Here were our favorite books we picked up:
Atlas of the Universe by Mark Garlick: Believe it or not she picked this one out herself. I tried to tell her it was more for adults (she’s 4) but she insisted and we picked it up about 3 weeks ago we have been reading a few pages every night at bed time and she loves it. I don’t think she understands it all but everything in it just amazes her.
The Planets in Our Solar System by Franklyn Mansfield Branley: This one talks about the planets and is much more kid friendly. The only word of warning is that it’s on the older side and still talks about Pluto being a planet. My daughter and I have already talked about how Pluto is no longer a planet so it didn’t really confuse her although she does feel bad that it’s no longer a planet.
What Makes Day and Night by Franklyn Mansfield Branley: After talking about the planets, orbits and rotation she wanted to know more about why we have night and day and this was a nice book to go through. Of course since it mentions the moon so often she started asking about craters, visiting the moon, etc.
Earth by Christine Taylor-Butler: This one talks about what the Earth is made of, the continents, volcanos, etc.
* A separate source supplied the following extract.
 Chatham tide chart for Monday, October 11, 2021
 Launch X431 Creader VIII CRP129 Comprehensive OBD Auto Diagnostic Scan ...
After reading all these books she really wanted to do some sort of experiment or observation. Luckily I stumbled across this activity about recreating craters on the moon’s surface on I think it was Pinterest. It coincided nicely with my daughter’s latest request to experiment to see what flour mixed with flour would feel like.
First I filled up one of our bins with a couple cups of flour:
Then added a layer of cocoa for some contrast (note for future reference: I left the cocoa kind fo pebbly but I think it might be better to smooth it out before starting the comet portion):
Next we found balls of different sizes and weights to try to see what different size craters they would make when they “impacted our moon”.
We observed how when they hit the “surface” it kicked up a cloud of dust into the air and talked about how this could stay in the air for a really long time. We also looked at the different size dents and how deep the dents were when we dropped the different size balls. She dropped them over and over to see how the craters would start to overlap and how it started to look like the surface of the moon.
Then we moved on to the seeing what water and flour mixed together felt like so I thought it prudent to move it outside. Thank goodness I did. First off it was great weather and we actually had a great view of the moon and talked about how the different colors were actually craters on the moon.
Then came the dirty phase of fun. Even my 16 month old had a blast. I gave them a few things out of the kitchen: funnels, measuring cups, bowls, a strainer, etc.
My daughter really enjoyed feeling how gooey the mixture was and talked about how it was a “chocolate lake” (for those with kids who love Dora I’m sure you know what she was referring to.)
Once everything was nice and wet and gooey my daughter decided to see what would happen when our “comets” and “meteors” landed in water. My son loved helping with this part as you can see.
All in all they both had a lot of fun and I think my daughter is finally satisfied with how all those craters on the moon were created.